**Integrating Heterogeneous Microarray Datasets to Increase Experimental Power**

## Using Pre-Existing Microarray Datasets to Increase Experimental Power: Application to Insulin Resistance. In: PLoS Comput Biol, 6 (3), pp. e1000718, 2010.

Although they have become a widely used experimental technique for identifying differentially expressed (DE) genes, DNA microarrays are notorious for generating noisy data. A common strategy for mitigating the effects of noise is to perform many experimental replicates. This approach is often costly and sometimes impossible given limited resources; thus, analytical methods are needed which increase accuracy at no additional cost.

One inexpensive source of microarray replicates comes from prior work: to date, data from over one million hybridizations are in the public domain. To leverage this information, we have created the SVD Augmented Gene expression Analysis Tool (SAGAT), a mathematically principled and data-driven approach for identifying DE genes. SAGAT increases the power of a microarray experiment by integrating coexpression module information, which it extracts from the vast number of publicly available microarray datasets. In specific applications, SAGAT increments effective sample sizes by as many as 2.72 arrays and leads to a 50 percent increase in the number of DE genes detected.

**Efficient Biochemical Parameter Estimation using Rare Event Simulation Techniques**

## Accelerated Maximum Likelihood Parameter Estimation for Stochastic Biochemical Systems. In: BMC Bioinformatics, 13 (1), pp. 68, 2012, ISSN: 1471-2105.

Despite their widespread use in systems biology, cell population-level models of biological processes (e.g. using ordinary differential equations) are unable to capture and characterize the cell-to-cell variability exhibited even by genetically identical cells. This limitation inhibits our ability to answer detailed questions about single-cell biological mechanisms, where low copy numbers of DNA, mRNA, and protein species often lead to large stochastic fluctuations. In order to make sense of these fluctuations, which are often linked to important cellular behaviors and disease states, methods for modeling, simulation, and analysis of stochastic biological systems are required.

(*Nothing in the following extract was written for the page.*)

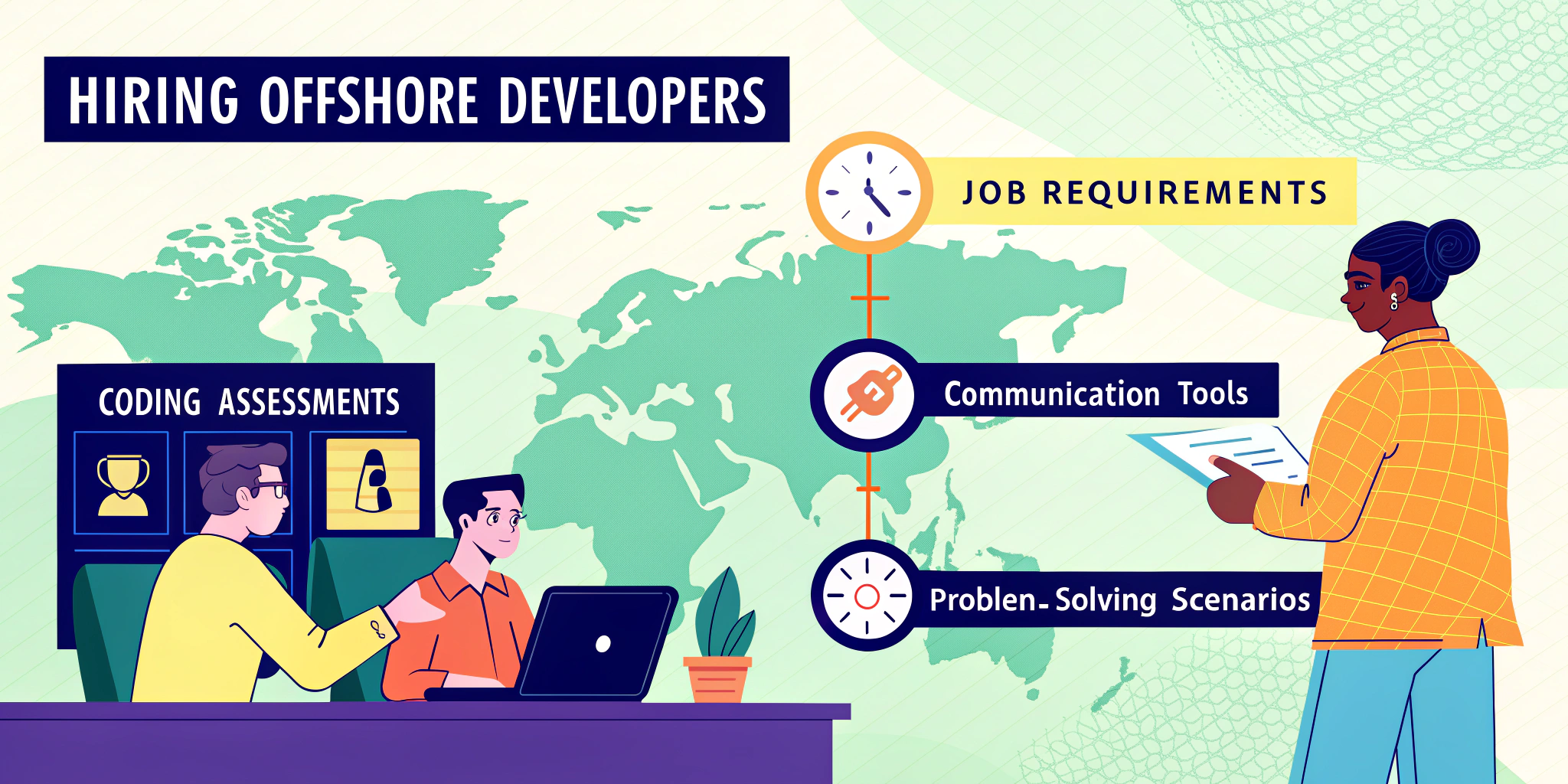 Interview Like a Pro: 7 Tricks to Hire the Best Offshore Developers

We have developed one such method—Monte Carlo Expectation-Maximization with Modified Cross-Entropy Method (MCEM^{2})—for estimating unknown kinetic parameters (e.g. transcription and translation rates) from single-cell time series data. By using techniques previously developed for rare event characterization, MCEM^{2} provides a computationally efficient stochastic simulation-based approach for parameter estimation that requires no prior knowledge of unknown parameter values. When applied to stochastic models of varying complexity, MCEM^{2} accurately identifies parameter values in cases where recently proposed methods are ineffective.

**Inferring Single-Cell Biological Mechanisms using Stochastic Simulation**

## Inferring Single-Cell Gene Expression Mechanisms Using Stochastic Simulation. In: Bioinformatics, 31 (9), pp. 1428–1435, 2015, ISSN: 1367-4803, 1460-2059.

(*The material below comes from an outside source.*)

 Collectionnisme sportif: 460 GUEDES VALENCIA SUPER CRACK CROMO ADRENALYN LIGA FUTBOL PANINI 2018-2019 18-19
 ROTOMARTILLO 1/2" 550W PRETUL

Although widely used, the two-state model of promoter activity (active/inactive) represents an oversimplification of the architecture of most promoters, as simultaneous regulation by multiple transcription factors as well as epigenetic interactions increase the effective number of promoter states. Given the essential role of gene expression in all cellular functions, efficient computational techniques for characterizing promoter architectures are critically needed.

We have developed a novel model reduction for promoters with arbitrary numbers of active and inactive states, allowing us to approximate complex promoter switching behavior with a small set of parameters. Using this model reduction, we created bursty MCEM^{2}, an efficient parameter estimation and model selection technique for inferring the number and configuration of promoter states from single-cell gene expression data. Application of bursty MCEM^{2} to data from the endogenous mouse glutaminase promoter suggests that, rather than occupying just two states, the glutaminase promoter may traverse through 10 or more states before initiation of transcription. Each of these states represents a putative regulatory interaction to be further characterized.